▶ _WHAT NEEDS TO BE DONE_
Omit all images, then repeat exactly the lines below from the one containing "Boxes of Ferrero" through the one containing "plate of mixed", both ends included.
____ TASK MATERIAL
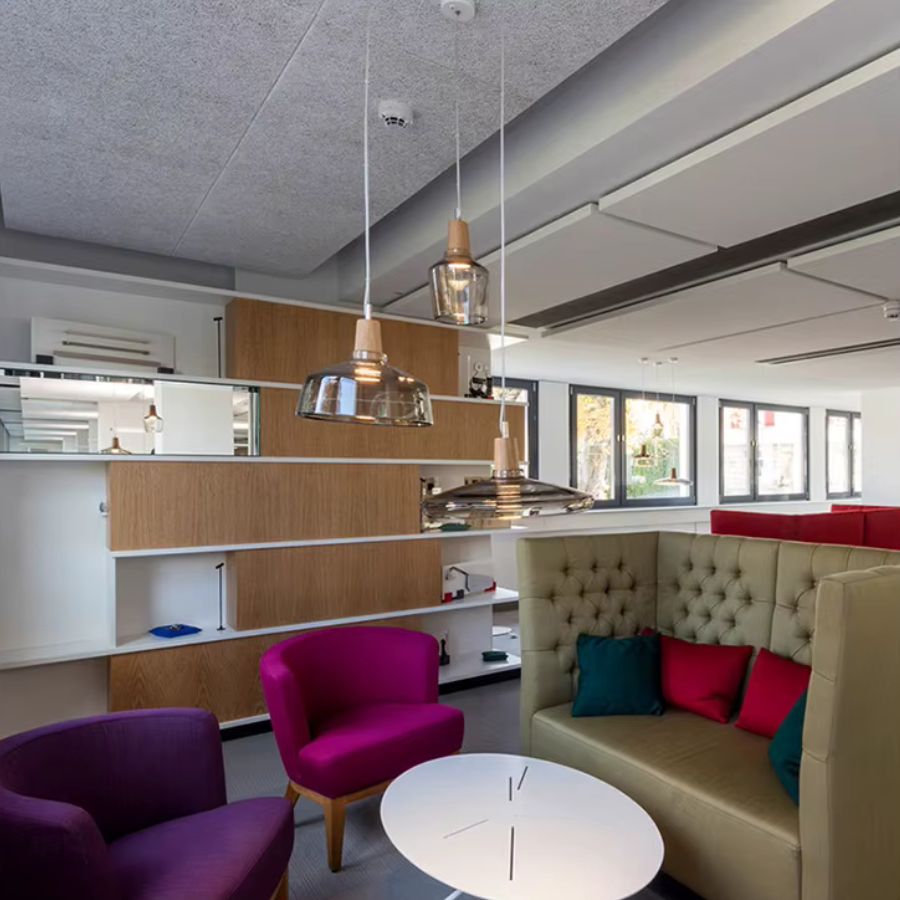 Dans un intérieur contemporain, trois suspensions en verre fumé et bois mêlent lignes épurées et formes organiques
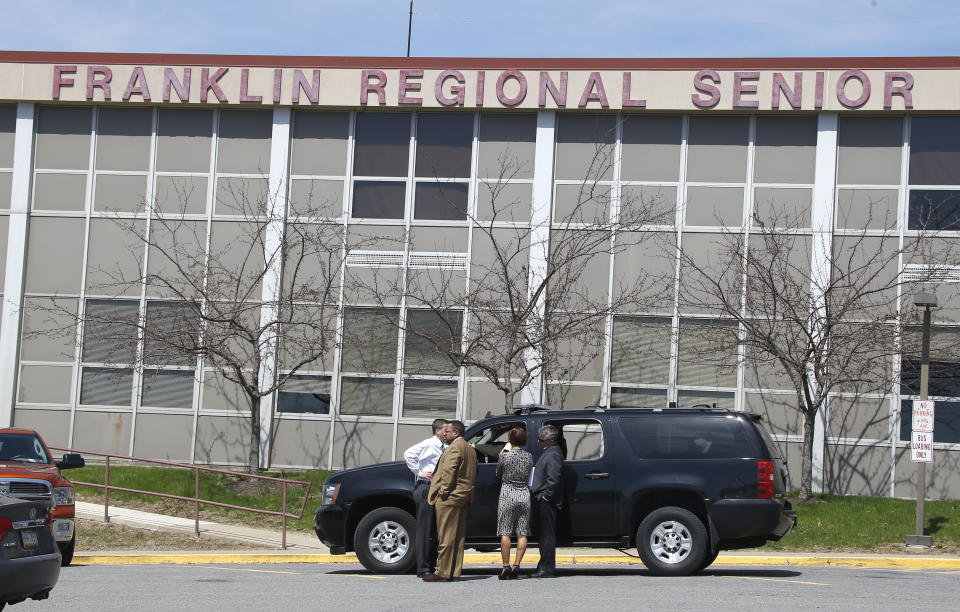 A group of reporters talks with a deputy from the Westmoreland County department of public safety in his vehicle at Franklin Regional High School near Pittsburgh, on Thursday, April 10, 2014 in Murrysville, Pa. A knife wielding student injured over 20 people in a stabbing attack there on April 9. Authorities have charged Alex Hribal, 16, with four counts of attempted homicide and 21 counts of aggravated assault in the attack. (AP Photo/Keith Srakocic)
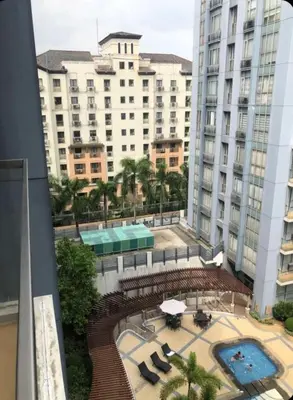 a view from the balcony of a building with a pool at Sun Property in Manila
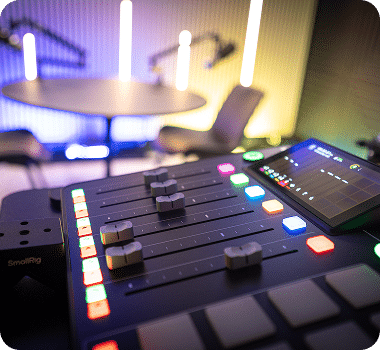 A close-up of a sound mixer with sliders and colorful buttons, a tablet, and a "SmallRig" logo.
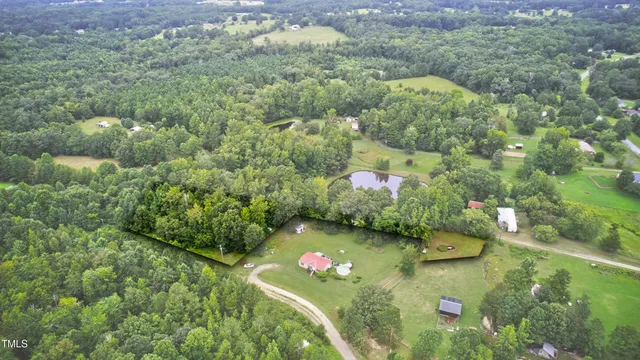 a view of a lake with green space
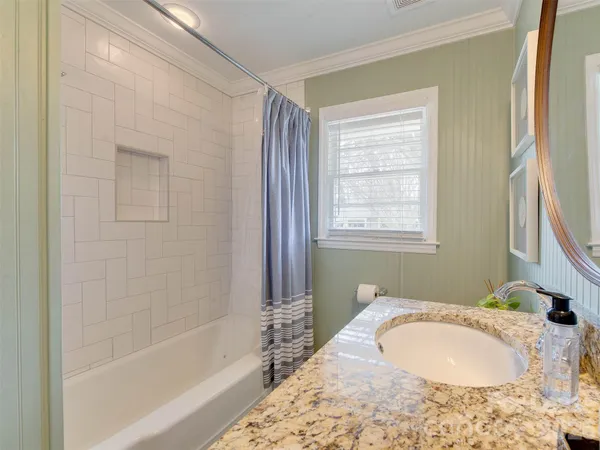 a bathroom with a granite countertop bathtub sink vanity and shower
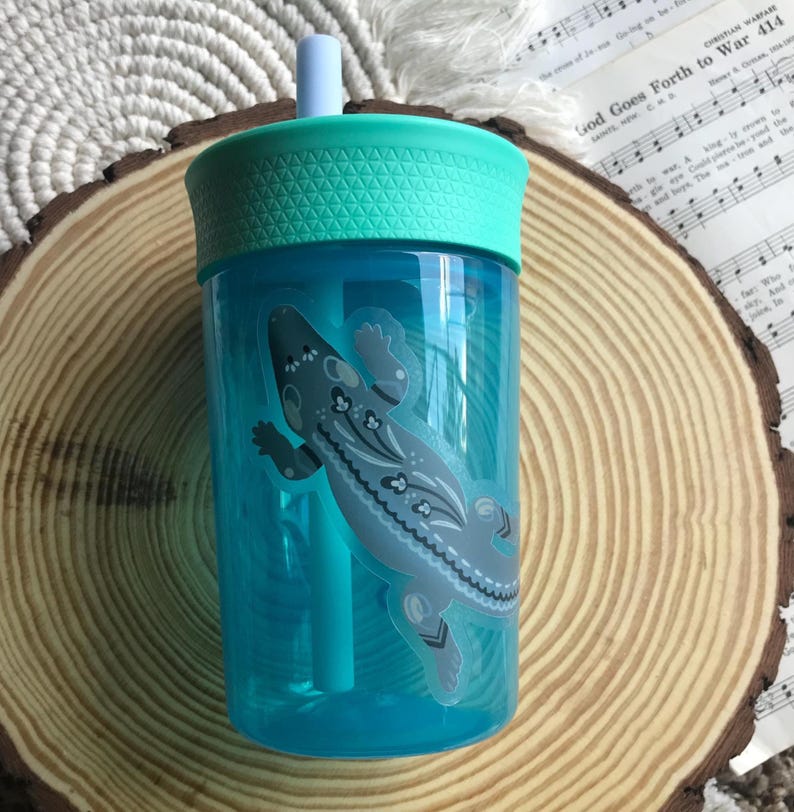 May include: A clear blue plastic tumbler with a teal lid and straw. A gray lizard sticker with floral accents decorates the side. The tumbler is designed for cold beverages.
________
____ TASK MATERIAL
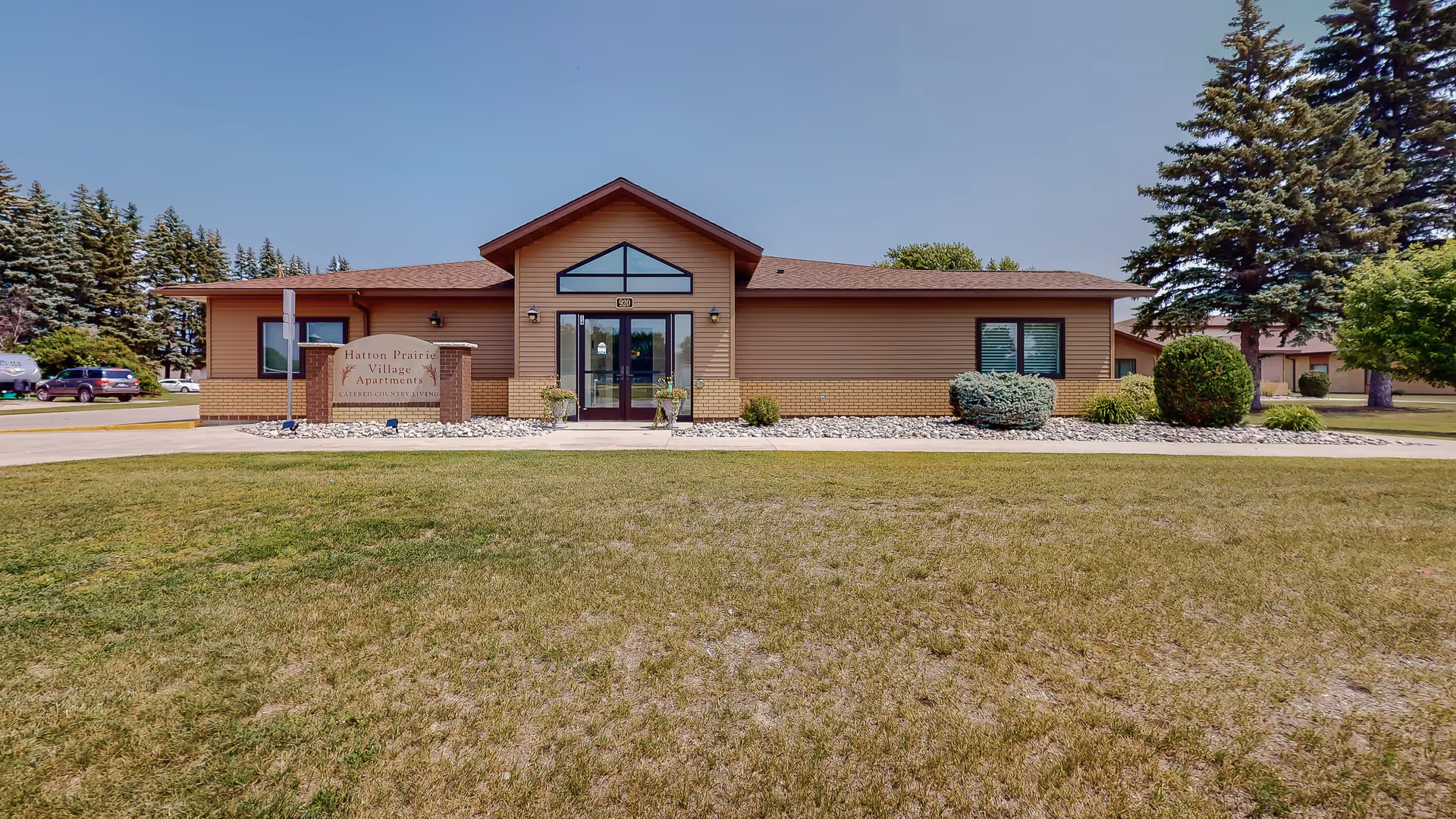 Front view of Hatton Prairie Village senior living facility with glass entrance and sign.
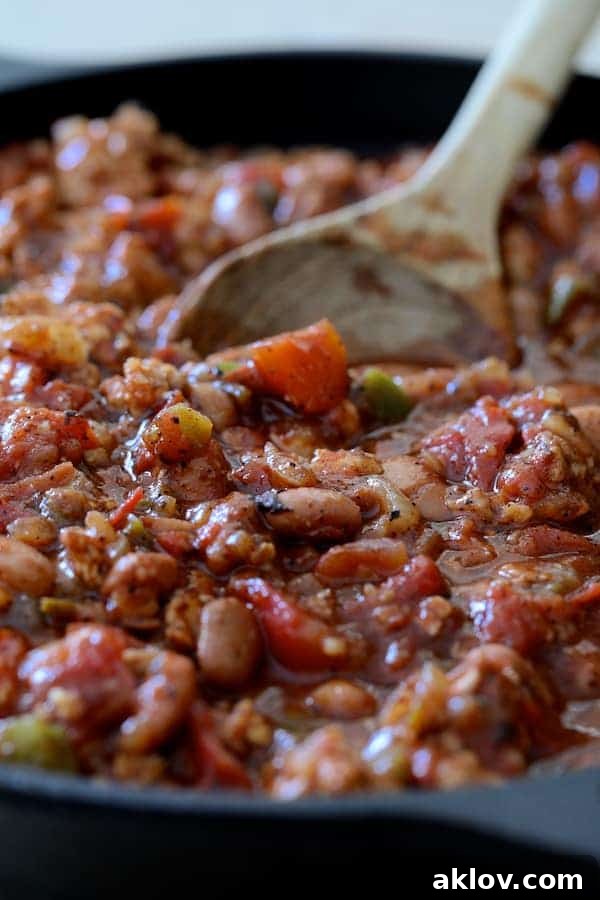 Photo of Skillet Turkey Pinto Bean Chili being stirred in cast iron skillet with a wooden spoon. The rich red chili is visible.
________
____ TASK MATERIAL
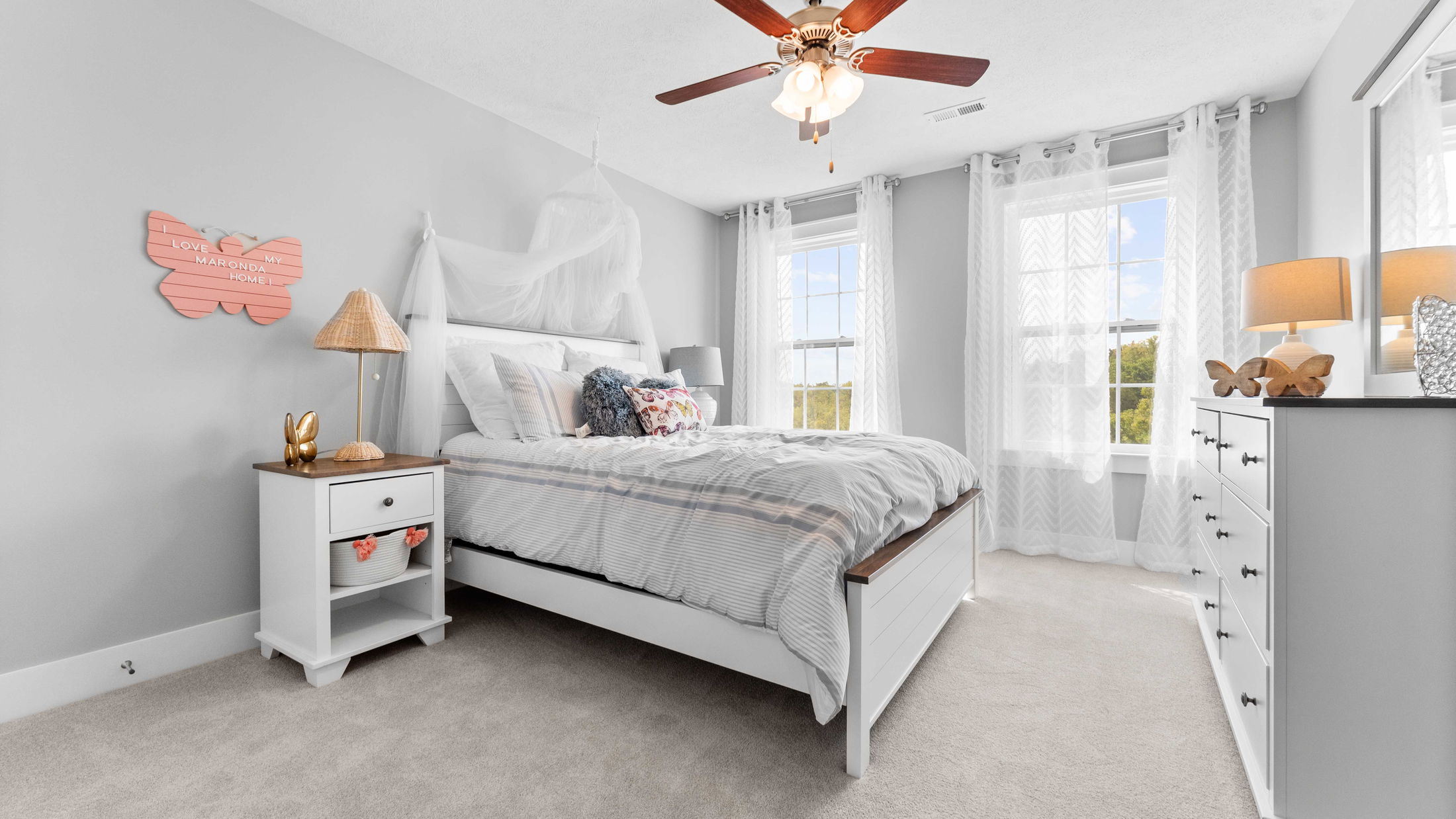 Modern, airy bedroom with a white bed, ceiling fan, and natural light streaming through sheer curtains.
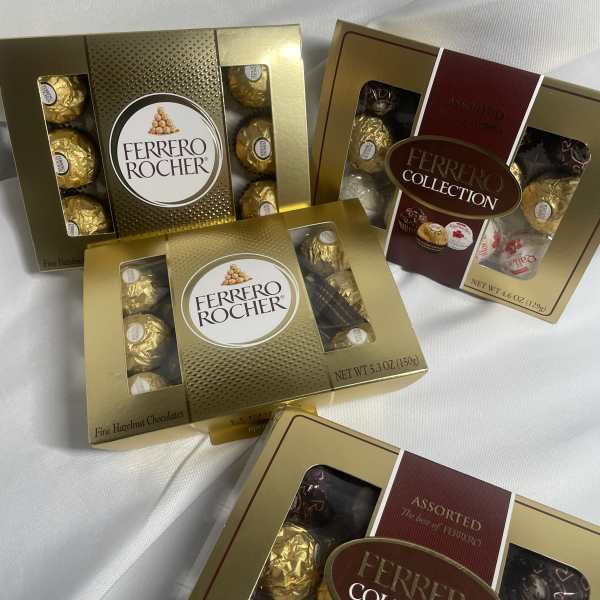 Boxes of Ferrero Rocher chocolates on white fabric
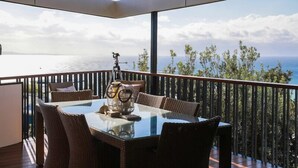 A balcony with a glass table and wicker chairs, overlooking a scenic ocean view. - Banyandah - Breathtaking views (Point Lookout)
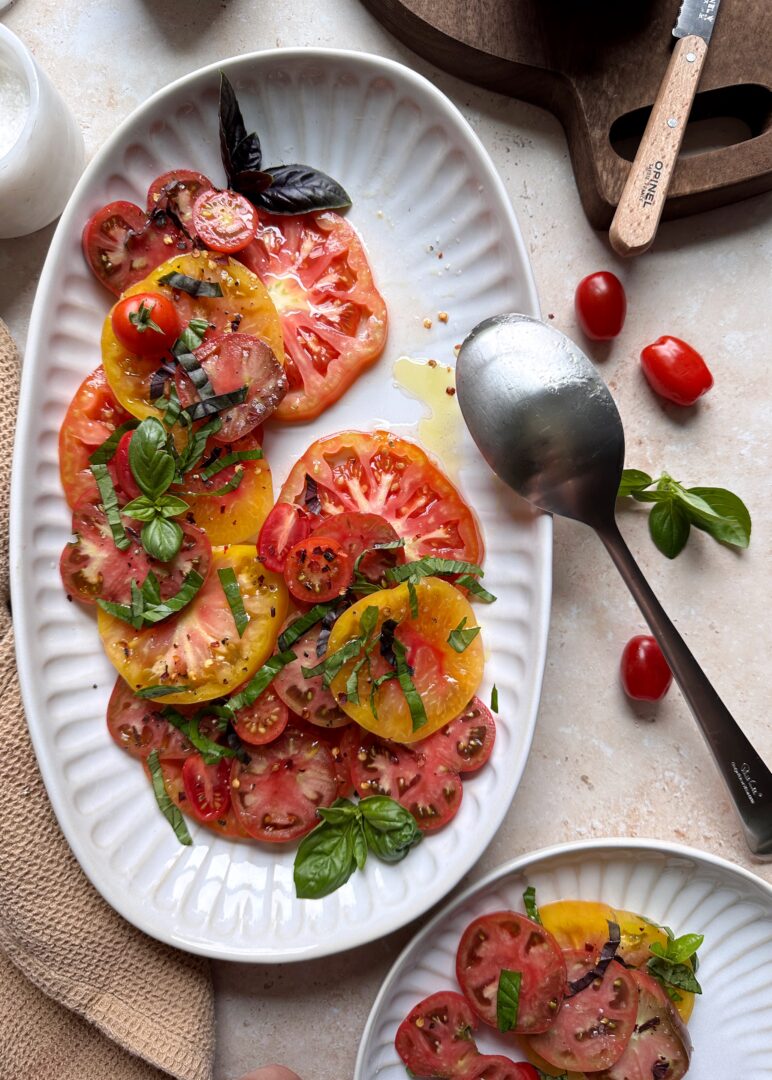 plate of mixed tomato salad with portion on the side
________
▶ _EXPECTED ANSWER_
 Boxes of Ferrero Rocher chocolates on white fabric
 A balcony with a glass table and wicker chairs, overlooking a scenic ocean view. - Banyandah - Breathtaking views (Point Lookout)
 plate of mixed tomato salad with portion on the side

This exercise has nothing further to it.